Print exactly the lines below between the line holding "Coffee cup moving" and the line holding "JENNIFER - 18ct", inclusive, and nothing more.

■ **Source data**

##############################

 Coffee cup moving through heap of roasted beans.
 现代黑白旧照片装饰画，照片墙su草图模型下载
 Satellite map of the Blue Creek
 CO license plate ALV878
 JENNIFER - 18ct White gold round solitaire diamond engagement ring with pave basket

##############################

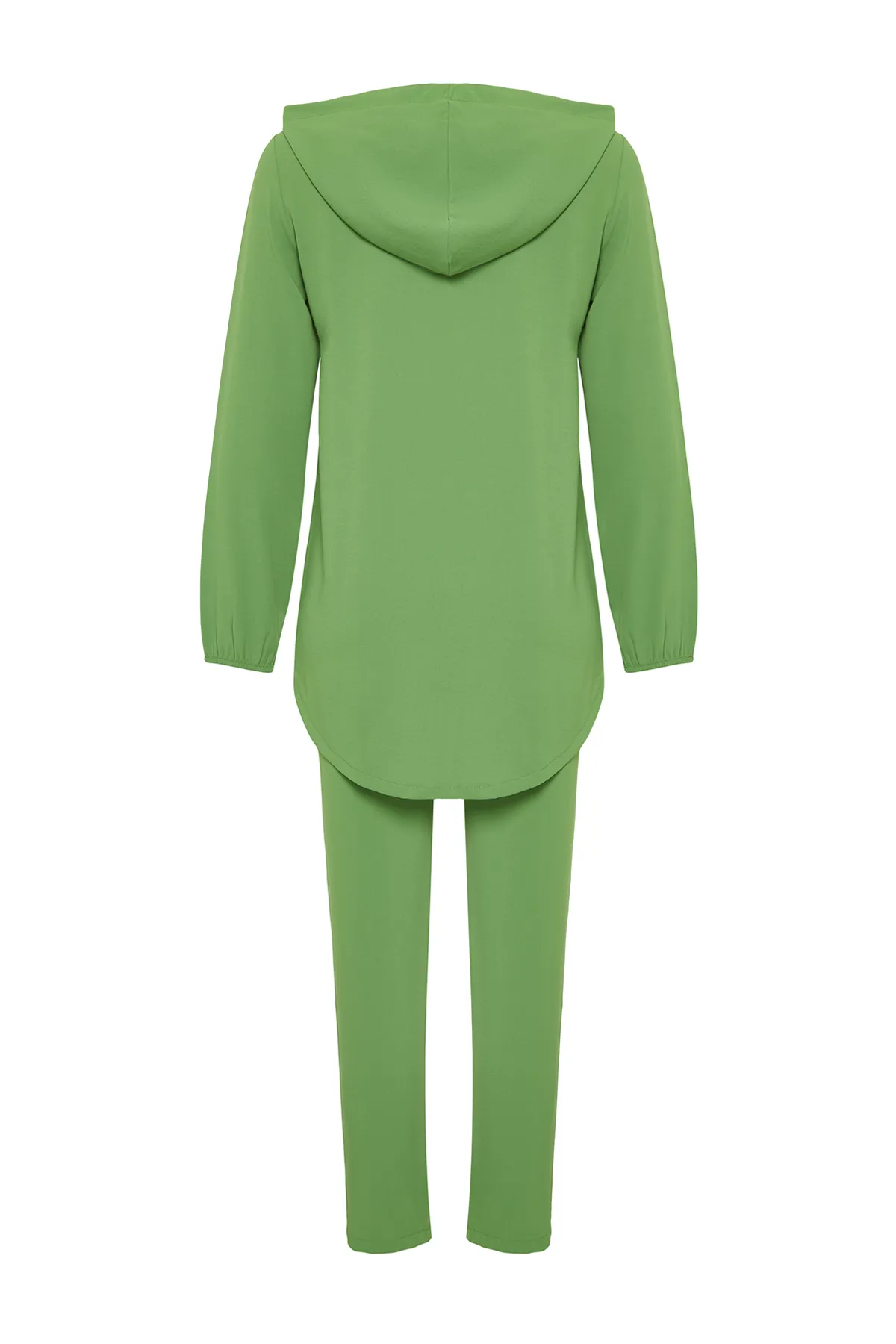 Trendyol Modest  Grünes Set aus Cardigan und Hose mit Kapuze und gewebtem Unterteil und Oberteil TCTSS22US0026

##############################

■ **Written solution**
 Coffee cup moving through heap of roasted beans.
 现代黑白旧照片装饰画，照片墙su草图模型下载
 Satellite map of the Blue Creek
 CO license plate ALV878
 JENNIFER - 18ct White gold round solitaire diamond engagement ring with pave basket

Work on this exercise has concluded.